# Data to process
============================================================
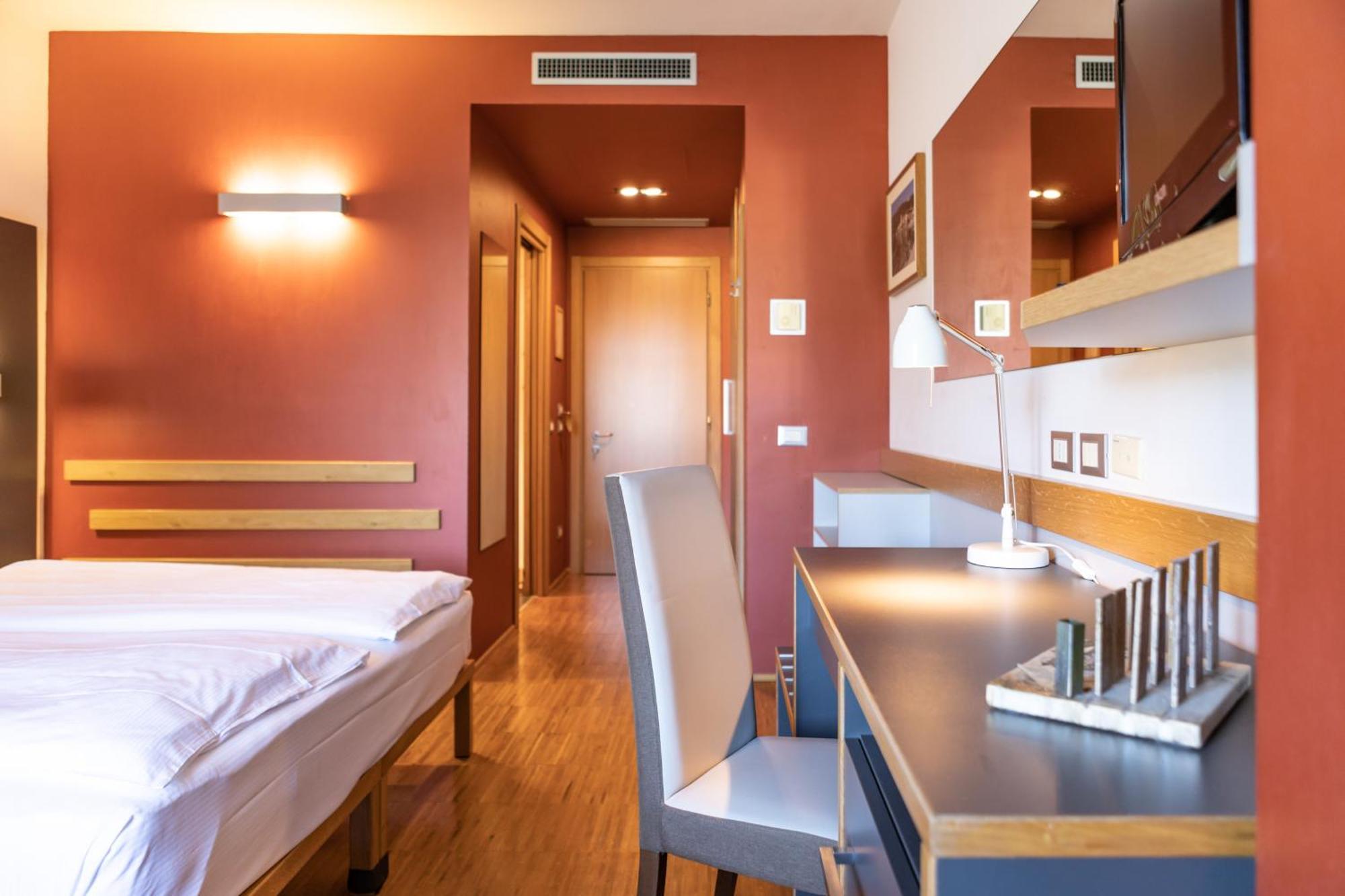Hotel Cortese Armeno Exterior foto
============================================================
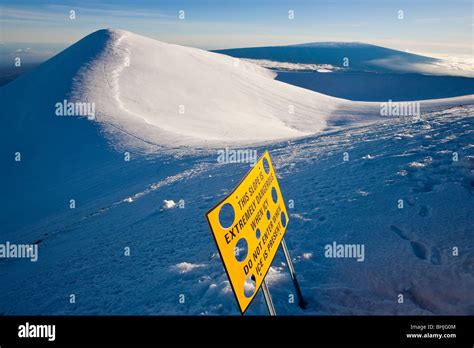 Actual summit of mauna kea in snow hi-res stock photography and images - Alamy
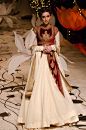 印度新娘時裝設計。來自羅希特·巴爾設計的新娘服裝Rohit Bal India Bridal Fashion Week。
============================================================
# Exercise directions
Your answer should be the exact lines above from the one containing "Actual summit of" through the one containing "印度新娘時裝設計。來自羅希特·巴爾設計的新娘服裝Rohit Bal India", with both end lines kept and the pictures removed, please.

# Response for this exercise
 Actual summit of mauna kea in snow hi-res stock photography and images - Alamy
 印度新娘時裝設計。來自羅希特·巴爾設計的新娘服裝Rohit Bal India Bridal Fashion Week。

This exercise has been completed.